— Task —
In the entries below, filter for the word "Deere" and copy every matching line.

— The data —
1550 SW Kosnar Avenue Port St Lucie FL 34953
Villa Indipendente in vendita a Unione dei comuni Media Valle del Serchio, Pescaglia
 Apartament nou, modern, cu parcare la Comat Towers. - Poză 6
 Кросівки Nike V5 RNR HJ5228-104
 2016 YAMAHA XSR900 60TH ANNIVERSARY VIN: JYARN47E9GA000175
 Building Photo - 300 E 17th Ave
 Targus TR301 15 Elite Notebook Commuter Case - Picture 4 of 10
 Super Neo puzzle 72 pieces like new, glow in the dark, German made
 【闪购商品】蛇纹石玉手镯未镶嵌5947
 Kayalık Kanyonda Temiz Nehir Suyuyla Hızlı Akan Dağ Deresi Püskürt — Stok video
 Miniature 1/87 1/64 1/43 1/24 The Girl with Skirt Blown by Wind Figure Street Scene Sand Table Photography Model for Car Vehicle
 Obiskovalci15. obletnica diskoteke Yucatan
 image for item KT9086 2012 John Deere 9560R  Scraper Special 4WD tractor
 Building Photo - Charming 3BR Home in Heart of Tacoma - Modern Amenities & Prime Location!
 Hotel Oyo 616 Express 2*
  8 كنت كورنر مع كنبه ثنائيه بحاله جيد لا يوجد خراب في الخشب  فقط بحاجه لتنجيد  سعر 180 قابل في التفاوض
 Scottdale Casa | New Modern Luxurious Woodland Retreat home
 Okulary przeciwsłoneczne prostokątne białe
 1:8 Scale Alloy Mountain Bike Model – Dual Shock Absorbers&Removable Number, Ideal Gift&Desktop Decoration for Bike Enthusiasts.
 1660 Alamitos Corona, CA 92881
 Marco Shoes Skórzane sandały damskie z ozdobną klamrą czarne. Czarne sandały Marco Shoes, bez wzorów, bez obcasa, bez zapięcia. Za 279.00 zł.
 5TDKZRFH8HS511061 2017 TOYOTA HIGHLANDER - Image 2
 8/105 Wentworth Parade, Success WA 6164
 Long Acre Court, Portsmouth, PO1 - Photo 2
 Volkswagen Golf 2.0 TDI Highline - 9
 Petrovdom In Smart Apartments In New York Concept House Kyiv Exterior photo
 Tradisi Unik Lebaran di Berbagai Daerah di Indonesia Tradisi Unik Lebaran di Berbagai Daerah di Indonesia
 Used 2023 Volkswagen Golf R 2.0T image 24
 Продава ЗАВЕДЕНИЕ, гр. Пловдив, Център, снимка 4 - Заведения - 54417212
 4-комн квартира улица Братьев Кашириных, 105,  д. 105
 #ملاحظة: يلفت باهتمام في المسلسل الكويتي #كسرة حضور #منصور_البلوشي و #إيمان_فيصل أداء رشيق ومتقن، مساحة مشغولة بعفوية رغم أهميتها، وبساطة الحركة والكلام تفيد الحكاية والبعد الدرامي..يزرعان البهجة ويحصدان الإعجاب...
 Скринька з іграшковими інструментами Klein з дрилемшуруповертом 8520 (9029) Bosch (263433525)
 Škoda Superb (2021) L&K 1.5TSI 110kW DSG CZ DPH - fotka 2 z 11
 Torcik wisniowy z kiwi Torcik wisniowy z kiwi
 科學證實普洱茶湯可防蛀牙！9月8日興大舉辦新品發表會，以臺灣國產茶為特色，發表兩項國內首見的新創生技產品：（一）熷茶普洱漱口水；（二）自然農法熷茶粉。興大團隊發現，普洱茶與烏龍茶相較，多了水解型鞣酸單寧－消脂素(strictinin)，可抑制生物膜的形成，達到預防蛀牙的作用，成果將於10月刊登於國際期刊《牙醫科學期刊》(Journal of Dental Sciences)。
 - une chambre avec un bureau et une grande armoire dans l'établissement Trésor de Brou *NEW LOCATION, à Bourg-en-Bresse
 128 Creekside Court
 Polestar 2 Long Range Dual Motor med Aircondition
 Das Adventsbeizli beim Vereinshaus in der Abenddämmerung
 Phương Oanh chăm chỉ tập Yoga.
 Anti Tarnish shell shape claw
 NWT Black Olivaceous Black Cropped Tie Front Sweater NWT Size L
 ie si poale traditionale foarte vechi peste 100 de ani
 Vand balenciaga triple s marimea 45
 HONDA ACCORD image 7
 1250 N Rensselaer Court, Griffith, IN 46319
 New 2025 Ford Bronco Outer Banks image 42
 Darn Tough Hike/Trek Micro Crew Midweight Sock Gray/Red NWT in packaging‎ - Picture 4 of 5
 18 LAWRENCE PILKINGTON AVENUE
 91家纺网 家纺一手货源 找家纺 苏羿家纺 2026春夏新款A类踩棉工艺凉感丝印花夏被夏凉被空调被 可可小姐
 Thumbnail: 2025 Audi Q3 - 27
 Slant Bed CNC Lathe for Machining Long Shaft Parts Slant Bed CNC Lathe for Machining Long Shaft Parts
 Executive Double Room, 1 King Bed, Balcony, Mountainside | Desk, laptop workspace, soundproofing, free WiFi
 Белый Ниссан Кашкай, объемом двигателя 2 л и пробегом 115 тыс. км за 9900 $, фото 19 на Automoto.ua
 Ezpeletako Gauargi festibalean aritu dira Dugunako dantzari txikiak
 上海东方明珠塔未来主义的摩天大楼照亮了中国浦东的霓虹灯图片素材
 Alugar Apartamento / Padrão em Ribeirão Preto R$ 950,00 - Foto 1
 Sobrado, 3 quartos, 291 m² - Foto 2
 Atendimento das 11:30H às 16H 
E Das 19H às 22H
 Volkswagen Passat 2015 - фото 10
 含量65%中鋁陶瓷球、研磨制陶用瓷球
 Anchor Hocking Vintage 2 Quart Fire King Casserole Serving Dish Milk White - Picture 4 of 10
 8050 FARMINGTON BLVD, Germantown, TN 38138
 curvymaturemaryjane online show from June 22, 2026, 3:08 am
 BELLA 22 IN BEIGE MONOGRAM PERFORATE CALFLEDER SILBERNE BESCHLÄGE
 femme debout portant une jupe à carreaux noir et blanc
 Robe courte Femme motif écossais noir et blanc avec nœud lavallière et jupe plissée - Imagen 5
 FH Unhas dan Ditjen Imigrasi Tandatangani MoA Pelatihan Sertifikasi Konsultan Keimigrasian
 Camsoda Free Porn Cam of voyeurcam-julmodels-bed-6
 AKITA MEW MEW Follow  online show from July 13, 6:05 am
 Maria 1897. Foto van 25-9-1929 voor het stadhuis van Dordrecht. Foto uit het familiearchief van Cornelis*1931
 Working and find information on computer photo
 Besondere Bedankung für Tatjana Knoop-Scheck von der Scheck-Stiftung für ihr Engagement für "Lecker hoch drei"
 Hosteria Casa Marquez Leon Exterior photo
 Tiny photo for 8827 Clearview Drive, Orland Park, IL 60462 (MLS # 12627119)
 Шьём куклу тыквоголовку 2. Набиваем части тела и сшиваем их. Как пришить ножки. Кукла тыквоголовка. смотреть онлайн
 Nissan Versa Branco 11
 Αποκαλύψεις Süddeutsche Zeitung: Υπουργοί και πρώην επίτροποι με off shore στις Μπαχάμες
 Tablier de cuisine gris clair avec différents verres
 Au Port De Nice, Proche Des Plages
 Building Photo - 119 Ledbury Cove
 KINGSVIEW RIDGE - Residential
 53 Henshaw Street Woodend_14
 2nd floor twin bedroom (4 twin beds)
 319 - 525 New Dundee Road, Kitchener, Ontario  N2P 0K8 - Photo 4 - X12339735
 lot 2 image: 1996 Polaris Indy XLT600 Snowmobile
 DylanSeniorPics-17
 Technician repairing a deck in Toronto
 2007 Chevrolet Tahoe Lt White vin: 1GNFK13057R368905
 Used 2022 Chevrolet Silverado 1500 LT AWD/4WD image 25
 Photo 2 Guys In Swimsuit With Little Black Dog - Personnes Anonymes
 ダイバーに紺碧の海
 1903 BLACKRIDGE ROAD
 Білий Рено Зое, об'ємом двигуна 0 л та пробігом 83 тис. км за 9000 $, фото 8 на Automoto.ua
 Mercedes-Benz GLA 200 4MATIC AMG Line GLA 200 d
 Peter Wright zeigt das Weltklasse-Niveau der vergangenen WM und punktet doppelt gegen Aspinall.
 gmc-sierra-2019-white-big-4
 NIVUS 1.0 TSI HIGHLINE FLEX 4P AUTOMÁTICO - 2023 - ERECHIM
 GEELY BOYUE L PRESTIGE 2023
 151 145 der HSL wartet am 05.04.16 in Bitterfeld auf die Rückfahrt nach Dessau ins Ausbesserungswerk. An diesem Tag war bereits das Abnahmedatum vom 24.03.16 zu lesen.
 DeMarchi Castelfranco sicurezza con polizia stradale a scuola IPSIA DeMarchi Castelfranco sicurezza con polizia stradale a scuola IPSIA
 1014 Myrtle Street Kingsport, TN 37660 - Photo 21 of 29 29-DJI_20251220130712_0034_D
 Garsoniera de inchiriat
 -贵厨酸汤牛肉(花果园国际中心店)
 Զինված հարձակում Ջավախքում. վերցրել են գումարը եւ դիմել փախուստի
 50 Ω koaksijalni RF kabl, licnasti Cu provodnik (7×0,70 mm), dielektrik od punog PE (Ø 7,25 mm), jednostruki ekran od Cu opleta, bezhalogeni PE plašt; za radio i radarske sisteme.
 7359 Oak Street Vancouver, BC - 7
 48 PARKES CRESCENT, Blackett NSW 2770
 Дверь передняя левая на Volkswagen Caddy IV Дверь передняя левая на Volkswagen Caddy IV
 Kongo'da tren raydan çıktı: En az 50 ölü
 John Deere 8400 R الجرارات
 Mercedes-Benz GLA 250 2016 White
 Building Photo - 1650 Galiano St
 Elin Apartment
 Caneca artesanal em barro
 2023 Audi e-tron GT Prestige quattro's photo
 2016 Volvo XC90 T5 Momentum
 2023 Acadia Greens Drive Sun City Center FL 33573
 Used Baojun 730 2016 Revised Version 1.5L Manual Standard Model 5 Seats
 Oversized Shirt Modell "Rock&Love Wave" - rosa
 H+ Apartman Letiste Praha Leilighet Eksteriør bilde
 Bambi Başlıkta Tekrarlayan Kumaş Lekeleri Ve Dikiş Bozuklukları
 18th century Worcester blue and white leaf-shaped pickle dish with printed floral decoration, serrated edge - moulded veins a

— Output of the task —
 image for item KT9086 2012 John Deere 9560R  Scraper Special 4WD tractor
 John Deere 8400 R الجرارات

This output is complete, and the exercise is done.